### PROBLEM REQUIREMENTS
Transcribe the listing word for word. Begin at its first line and end with the line containing "Men's Casual Dress".

### SUPPLIED DATA
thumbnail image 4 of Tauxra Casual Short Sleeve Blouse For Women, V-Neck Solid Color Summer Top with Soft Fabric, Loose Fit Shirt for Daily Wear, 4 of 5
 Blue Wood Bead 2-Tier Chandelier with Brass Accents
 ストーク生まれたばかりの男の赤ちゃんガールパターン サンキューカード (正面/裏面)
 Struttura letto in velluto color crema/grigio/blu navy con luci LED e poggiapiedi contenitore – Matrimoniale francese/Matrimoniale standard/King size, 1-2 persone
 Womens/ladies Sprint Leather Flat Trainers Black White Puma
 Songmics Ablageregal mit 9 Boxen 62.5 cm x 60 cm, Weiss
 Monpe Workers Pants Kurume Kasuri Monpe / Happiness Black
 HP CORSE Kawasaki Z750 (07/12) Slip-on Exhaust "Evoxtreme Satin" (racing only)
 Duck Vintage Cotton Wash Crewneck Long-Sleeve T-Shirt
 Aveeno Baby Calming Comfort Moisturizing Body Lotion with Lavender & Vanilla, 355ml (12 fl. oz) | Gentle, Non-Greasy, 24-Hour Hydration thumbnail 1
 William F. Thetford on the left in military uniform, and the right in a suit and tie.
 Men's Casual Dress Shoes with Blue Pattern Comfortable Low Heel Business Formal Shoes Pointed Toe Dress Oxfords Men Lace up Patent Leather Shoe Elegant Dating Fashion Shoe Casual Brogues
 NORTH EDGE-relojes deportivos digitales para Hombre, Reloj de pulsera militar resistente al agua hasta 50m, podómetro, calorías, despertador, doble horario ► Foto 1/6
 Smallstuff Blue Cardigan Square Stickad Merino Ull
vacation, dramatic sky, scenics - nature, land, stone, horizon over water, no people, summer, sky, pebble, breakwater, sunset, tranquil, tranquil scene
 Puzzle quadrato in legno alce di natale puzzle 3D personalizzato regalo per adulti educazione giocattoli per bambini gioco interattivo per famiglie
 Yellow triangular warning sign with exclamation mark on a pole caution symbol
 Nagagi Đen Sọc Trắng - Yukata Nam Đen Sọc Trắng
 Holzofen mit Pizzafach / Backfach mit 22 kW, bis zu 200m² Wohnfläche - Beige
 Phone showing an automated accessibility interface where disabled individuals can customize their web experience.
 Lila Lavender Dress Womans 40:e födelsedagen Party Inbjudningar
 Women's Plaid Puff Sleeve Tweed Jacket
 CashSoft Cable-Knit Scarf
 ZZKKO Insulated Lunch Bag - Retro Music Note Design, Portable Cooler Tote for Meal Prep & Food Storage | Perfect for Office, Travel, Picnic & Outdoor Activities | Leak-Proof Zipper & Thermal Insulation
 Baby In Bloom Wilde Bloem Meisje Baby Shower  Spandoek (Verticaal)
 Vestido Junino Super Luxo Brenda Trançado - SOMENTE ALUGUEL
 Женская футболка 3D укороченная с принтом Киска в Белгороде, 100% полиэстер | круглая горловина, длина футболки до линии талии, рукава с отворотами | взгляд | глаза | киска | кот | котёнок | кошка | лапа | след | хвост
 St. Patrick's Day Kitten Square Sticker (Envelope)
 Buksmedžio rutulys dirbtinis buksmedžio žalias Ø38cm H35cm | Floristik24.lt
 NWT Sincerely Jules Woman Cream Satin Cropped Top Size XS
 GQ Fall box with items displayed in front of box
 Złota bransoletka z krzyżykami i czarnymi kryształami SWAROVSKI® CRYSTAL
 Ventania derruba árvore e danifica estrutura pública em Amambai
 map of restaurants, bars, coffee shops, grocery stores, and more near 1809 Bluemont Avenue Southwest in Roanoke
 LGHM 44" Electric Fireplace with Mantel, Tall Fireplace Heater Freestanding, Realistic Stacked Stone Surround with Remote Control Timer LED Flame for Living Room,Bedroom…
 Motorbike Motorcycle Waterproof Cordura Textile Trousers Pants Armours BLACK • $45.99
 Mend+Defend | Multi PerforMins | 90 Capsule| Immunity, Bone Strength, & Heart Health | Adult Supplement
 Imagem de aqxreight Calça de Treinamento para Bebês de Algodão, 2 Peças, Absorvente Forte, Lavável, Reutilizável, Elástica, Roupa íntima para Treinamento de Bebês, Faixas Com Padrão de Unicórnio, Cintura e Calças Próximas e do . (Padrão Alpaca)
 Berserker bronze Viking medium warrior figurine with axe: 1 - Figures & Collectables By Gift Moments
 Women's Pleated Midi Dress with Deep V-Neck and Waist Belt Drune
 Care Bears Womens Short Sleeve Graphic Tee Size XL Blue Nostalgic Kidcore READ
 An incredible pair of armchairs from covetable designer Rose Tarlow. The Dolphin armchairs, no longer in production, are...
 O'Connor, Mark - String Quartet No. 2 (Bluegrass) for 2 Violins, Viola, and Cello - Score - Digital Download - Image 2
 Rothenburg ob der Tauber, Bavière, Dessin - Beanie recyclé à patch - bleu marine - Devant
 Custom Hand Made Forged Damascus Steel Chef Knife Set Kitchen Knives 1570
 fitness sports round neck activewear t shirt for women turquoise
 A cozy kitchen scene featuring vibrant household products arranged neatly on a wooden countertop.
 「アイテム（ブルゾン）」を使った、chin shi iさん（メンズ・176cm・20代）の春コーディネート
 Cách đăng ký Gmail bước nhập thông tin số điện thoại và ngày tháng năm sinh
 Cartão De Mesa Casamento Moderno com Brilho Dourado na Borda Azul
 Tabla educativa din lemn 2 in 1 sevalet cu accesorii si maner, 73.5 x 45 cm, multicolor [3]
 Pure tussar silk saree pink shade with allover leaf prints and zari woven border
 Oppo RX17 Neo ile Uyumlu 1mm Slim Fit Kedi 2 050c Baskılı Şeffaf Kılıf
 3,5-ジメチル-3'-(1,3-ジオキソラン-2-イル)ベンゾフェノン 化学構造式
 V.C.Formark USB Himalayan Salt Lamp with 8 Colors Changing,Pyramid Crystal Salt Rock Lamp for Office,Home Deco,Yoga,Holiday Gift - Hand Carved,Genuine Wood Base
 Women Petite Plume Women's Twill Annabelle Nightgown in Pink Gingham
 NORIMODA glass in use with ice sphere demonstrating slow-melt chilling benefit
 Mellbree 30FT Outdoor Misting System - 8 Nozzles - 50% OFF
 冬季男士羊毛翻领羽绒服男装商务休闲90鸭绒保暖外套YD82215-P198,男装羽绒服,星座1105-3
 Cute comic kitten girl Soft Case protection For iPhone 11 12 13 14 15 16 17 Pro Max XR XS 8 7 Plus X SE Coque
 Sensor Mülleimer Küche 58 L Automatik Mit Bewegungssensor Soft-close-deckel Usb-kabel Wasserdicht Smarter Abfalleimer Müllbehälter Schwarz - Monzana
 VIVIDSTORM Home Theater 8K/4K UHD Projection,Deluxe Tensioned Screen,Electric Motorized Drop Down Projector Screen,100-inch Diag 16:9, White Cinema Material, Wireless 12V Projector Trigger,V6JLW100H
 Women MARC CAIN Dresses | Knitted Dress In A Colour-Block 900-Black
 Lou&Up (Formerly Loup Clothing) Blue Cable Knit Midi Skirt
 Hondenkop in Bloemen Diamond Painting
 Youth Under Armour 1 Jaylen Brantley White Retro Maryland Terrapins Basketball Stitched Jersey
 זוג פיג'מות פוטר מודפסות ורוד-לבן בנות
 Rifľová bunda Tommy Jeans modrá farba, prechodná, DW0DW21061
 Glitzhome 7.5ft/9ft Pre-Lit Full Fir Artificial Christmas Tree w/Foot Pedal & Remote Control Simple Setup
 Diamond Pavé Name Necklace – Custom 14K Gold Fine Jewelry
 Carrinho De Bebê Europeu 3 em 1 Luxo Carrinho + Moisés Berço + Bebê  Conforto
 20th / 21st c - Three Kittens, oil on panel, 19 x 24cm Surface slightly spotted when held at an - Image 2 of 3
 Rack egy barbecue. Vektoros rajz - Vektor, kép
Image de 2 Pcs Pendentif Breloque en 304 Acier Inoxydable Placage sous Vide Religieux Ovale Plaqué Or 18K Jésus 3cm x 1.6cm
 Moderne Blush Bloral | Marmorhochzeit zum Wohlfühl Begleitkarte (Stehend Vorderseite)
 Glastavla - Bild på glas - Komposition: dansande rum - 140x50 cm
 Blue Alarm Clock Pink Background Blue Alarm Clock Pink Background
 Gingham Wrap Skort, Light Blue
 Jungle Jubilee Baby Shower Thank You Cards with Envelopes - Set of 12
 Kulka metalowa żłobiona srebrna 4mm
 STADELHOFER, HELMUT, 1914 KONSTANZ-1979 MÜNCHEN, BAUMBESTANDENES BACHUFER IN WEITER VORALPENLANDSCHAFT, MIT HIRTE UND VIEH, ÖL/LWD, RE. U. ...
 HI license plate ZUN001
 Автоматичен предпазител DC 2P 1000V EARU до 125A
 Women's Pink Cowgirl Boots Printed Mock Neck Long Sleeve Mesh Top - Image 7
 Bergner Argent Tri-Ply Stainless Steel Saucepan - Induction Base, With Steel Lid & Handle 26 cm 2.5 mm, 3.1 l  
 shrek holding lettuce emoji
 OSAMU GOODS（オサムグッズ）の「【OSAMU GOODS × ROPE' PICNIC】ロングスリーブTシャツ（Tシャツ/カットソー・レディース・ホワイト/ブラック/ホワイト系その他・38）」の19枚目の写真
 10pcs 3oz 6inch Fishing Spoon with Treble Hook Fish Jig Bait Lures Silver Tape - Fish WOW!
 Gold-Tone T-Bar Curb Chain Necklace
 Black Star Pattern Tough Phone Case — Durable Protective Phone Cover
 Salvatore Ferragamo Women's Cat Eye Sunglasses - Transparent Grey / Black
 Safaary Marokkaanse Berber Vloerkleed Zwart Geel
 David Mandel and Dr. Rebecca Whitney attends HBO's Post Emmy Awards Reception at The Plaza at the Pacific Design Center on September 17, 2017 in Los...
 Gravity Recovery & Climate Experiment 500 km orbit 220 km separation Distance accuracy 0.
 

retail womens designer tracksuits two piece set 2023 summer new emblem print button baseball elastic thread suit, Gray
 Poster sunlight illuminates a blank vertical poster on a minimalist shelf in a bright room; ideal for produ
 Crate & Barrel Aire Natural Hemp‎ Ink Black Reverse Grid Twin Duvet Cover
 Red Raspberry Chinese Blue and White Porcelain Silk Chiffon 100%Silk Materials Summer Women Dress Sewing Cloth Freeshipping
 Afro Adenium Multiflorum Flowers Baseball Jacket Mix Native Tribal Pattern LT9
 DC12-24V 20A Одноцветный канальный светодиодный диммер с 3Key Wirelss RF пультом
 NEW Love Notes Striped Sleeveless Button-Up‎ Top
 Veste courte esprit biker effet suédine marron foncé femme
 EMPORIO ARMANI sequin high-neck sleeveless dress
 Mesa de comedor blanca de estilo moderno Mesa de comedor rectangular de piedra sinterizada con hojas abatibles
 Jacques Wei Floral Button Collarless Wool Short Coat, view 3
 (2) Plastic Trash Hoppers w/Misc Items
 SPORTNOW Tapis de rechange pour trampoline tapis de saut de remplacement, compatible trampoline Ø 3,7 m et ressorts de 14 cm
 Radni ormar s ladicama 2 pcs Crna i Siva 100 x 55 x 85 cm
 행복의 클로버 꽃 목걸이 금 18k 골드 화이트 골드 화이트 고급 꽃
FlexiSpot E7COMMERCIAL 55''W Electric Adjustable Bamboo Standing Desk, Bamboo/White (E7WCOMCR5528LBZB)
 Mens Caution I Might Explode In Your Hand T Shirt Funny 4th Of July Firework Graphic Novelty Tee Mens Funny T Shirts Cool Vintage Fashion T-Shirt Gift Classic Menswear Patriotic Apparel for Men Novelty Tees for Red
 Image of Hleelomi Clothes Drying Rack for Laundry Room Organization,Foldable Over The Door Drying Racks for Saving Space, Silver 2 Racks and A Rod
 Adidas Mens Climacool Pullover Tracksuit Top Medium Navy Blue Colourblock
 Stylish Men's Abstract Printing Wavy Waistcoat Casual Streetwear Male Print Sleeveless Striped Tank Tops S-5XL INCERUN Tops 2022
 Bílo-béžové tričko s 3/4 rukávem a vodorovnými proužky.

### SOLVED EXERCISE
thumbnail image 4 of Tauxra Casual Short Sleeve Blouse For Women, V-Neck Solid Color Summer Top with Soft Fabric, Loose Fit Shirt for Daily Wear, 4 of 5
 Blue Wood Bead 2-Tier Chandelier with Brass Accents
 ストーク生まれたばかりの男の赤ちゃんガールパターン サンキューカード (正面/裏面)
 Struttura letto in velluto color crema/grigio/blu navy con luci LED e poggiapiedi contenitore – Matrimoniale francese/Matrimoniale standard/King size, 1-2 persone
 Womens/ladies Sprint Leather Flat Trainers Black White Puma
 Songmics Ablageregal mit 9 Boxen 62.5 cm x 60 cm, Weiss
 Monpe Workers Pants Kurume Kasuri Monpe / Happiness Black
 HP CORSE Kawasaki Z750 (07/12) Slip-on Exhaust "Evoxtreme Satin" (racing only)
 Duck Vintage Cotton Wash Crewneck Long-Sleeve T-Shirt
 Aveeno Baby Calming Comfort Moisturizing Body Lotion with Lavender & Vanilla, 355ml (12 fl. oz) | Gentle, Non-Greasy, 24-Hour Hydration thumbnail 1
 William F. Thetford on the left in military uniform, and the right in a suit and tie.
 Men's Casual Dress Shoes with Blue Pattern Comfortable Low Heel Business Formal Shoes Pointed Toe Dress Oxfords Men Lace up Patent Leather Shoe Elegant Dating Fashion Shoe Casual Brogues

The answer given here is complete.